Soy muy consciente de que este artículo se va a publicar en la llamada jornada de reflexión, y aunque cada vez esté menos extendida la inclinación a reflexionar, en general, y no parezca que dedicar a ella una jornada, referida a la decisión de voto, tenga una utilidad excesiva, respeto la legalidad vigente en el país donde vivo y he elegido un tema que no puede considerarse objeto de la liza electoral. De hecho, apenas ha sido objeto de la campaña, centrada en lo que ustedes ya saben pero desde luego no en el asunto que provoca estas líneas, y que no es otro que el papel de la cultura en una sociedad presuntamente desarrollada y avanzada, como querríamos creer que es la nuestra.

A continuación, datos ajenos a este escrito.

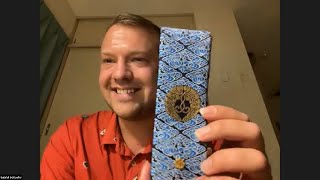 Liturgical Listening Ep1: Temple, Altars, Kesa, Honzon, and Sanbutsuge of Nishi Hongwanji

Muchos hemos esperado pacientemente, en estos quince días, algún guiño en clave cultural en alguna de las grandes ocasiones en que los candidatos han confrontado sus propuestas. Su ausencia clamorosa, más allá de actos de cuarta o quinta fila, ha dejado bien patente que en la sociedad española contemporánea, tal y como la ven quienes aspiran a gobernarla (y descaminados no andarán, porque, como solía decir un amigo mío, la mayoría siempre es digna de tenerse en cuenta, pero mucho más lo es la unanimidad), la ambición y la inquietud cultural ocupan un lugar irrelevante. Por no estar, la cultura ya no está en el debate ni como socorrida muletilla del argumentario político: más allá de alguna alusión no muy bien traída a Kant, lo que llena hasta la saciedad el discurso de nuestros políticos, como referente intelectual y retórico supremo, son los símiles futbolísticos: achicar espacios, queda partido, etcétera.

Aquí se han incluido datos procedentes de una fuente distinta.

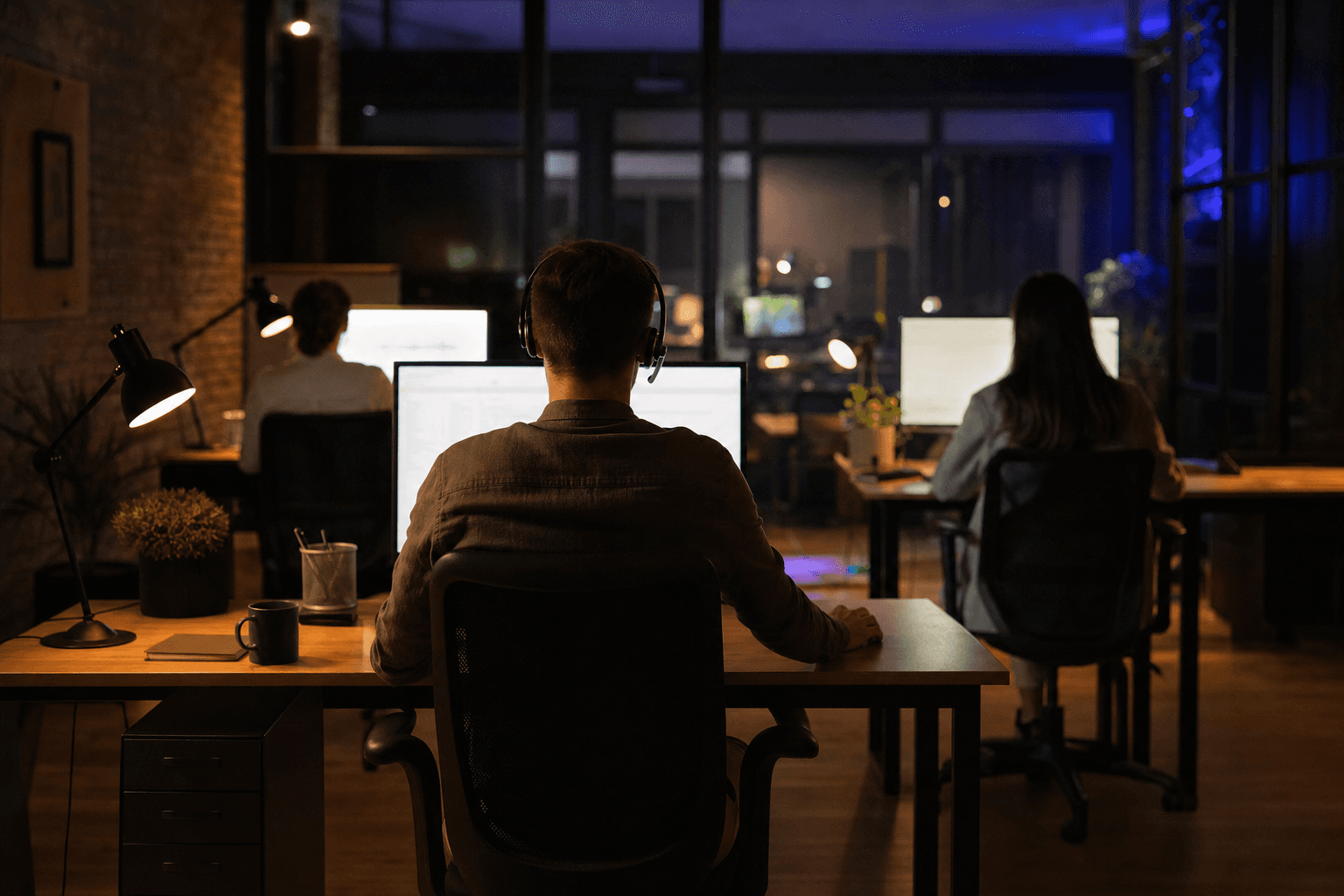 Sales teams — Pipeline that updates itself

Lo que podemos celebrar, aquellos para quienes la literatura, el pensamiento o el arte, en todas sus formas, siguen ocupando un espacio central en nuestras vidas, es que en esta ocasión casi nadie de la cultura ha hecho el ridículo posando en la foto con un aspirante a líder que luego, una vez conseguida la poltrona, vaya a olvidarse de lo prometido al pobre bufón (que en eso, como dice Danilo Kis, se queda todo intelectual que se deja engañar y cree que lo llaman como consejero del poder).
La década y media que llevamos de siglo, merced al deterioro casi criminal de la educación (especialmente la pública), el desprecio olímpico a la creación y sus derechos, y la apuesta sistemática, con copiosa utilización de recursos públicos, por un ocio banal, la acabaremos recordando como los años en que nos hicimos más tontos; cuando el talento cedió el paso a la zafiedad estentórea, el discurso al meme, las ideas al chascarrillo.
Quisiera creer que algo cambiará a partir del domingo. Pero visto lo visto (y oído lo oído) me cuesta mucho ser optimista.